**ASSIGNMENT:** Where the line with "Sweat a Capuche" appears below, start writing out lines exactly, and finish with the line with "Antique Wooden Doll Highchair", which is included; write out nothing else.

**SUPPLIED DATA:**
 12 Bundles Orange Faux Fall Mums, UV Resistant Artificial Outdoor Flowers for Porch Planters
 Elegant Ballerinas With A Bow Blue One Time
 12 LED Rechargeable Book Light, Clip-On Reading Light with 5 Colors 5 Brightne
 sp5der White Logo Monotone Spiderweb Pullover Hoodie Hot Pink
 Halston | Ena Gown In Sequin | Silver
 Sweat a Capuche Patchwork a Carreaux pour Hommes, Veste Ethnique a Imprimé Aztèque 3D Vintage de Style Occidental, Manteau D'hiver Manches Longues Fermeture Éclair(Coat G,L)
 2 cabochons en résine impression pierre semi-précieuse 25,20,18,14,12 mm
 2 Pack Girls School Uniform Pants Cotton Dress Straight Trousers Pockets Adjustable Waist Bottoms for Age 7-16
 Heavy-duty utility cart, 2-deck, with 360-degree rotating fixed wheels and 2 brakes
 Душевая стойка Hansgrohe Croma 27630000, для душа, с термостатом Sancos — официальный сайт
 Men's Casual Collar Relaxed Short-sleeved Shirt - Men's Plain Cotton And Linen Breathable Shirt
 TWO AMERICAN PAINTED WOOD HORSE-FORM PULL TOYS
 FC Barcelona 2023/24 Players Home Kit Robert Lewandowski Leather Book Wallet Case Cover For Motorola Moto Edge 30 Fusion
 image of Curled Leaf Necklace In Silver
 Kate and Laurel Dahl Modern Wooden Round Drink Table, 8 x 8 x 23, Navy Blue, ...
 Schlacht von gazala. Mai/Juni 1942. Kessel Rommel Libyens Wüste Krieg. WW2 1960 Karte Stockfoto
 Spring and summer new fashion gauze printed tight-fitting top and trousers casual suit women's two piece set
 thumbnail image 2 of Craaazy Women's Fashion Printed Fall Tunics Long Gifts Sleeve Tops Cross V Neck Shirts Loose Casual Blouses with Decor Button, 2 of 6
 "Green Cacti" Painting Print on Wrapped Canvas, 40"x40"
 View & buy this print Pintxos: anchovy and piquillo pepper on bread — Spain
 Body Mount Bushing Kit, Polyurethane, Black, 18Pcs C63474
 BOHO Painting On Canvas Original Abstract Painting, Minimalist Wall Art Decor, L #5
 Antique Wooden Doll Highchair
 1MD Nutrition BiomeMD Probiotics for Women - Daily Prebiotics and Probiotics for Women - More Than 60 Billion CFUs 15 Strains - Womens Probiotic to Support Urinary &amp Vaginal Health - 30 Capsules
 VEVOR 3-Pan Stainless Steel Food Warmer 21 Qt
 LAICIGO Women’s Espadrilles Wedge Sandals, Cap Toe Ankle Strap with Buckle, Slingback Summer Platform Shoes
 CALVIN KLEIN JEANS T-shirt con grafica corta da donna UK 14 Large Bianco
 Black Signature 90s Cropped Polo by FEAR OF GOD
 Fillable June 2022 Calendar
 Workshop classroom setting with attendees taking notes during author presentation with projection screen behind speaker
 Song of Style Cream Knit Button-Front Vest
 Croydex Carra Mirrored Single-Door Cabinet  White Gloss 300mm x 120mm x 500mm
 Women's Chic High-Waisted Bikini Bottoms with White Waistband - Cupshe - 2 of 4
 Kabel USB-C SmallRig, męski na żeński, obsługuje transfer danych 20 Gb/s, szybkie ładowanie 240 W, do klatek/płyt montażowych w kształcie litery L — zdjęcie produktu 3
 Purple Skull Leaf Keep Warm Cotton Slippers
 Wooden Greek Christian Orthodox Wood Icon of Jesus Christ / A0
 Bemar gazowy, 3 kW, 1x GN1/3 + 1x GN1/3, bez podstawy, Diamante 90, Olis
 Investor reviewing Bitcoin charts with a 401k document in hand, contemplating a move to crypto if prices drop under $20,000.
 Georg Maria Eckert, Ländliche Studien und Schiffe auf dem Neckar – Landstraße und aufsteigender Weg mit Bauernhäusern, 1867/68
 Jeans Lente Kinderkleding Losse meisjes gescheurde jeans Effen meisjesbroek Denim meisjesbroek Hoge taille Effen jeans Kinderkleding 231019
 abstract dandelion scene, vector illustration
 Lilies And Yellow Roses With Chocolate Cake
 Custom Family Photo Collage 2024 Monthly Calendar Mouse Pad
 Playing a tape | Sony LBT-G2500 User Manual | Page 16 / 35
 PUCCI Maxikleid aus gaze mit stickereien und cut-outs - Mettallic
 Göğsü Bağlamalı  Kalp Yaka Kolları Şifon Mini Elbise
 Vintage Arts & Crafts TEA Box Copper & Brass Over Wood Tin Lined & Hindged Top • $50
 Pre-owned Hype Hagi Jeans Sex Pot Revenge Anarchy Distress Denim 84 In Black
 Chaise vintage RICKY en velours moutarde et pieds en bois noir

**RESULT OF THE TASK:**
 Sweat a Capuche Patchwork a Carreaux pour Hommes, Veste Ethnique a Imprimé Aztèque 3D Vintage de Style Occidental, Manteau D'hiver Manches Longues Fermeture Éclair(Coat G,L)
 2 cabochons en résine impression pierre semi-précieuse 25,20,18,14,12 mm
 2 Pack Girls School Uniform Pants Cotton Dress Straight Trousers Pockets Adjustable Waist Bottoms for Age 7-16
 Heavy-duty utility cart, 2-deck, with 360-degree rotating fixed wheels and 2 brakes
 Душевая стойка Hansgrohe Croma 27630000, для душа, с термостатом Sancos — официальный сайт
 Men's Casual Collar Relaxed Short-sleeved Shirt - Men's Plain Cotton And Linen Breathable Shirt
 TWO AMERICAN PAINTED WOOD HORSE-FORM PULL TOYS
 FC Barcelona 2023/24 Players Home Kit Robert Lewandowski Leather Book Wallet Case Cover For Motorola Moto Edge 30 Fusion
 image of Curled Leaf Necklace In Silver
 Kate and Laurel Dahl Modern Wooden Round Drink Table, 8 x 8 x 23, Navy Blue, ...
 Schlacht von gazala. Mai/Juni 1942. Kessel Rommel Libyens Wüste Krieg. WW2 1960 Karte Stockfoto
 Spring and summer new fashion gauze printed tight-fitting top and trousers casual suit women's two piece set
 thumbnail image 2 of Craaazy Women's Fashion Printed Fall Tunics Long Gifts Sleeve Tops Cross V Neck Shirts Loose Casual Blouses with Decor Button, 2 of 6
 "Green Cacti" Painting Print on Wrapped Canvas, 40"x40"
 View & buy this print Pintxos: anchovy and piquillo pepper on bread — Spain
 Body Mount Bushing Kit, Polyurethane, Black, 18Pcs C63474
 BOHO Painting On Canvas Original Abstract Painting, Minimalist Wall Art Decor, L #5
 Antique Wooden Doll Highchair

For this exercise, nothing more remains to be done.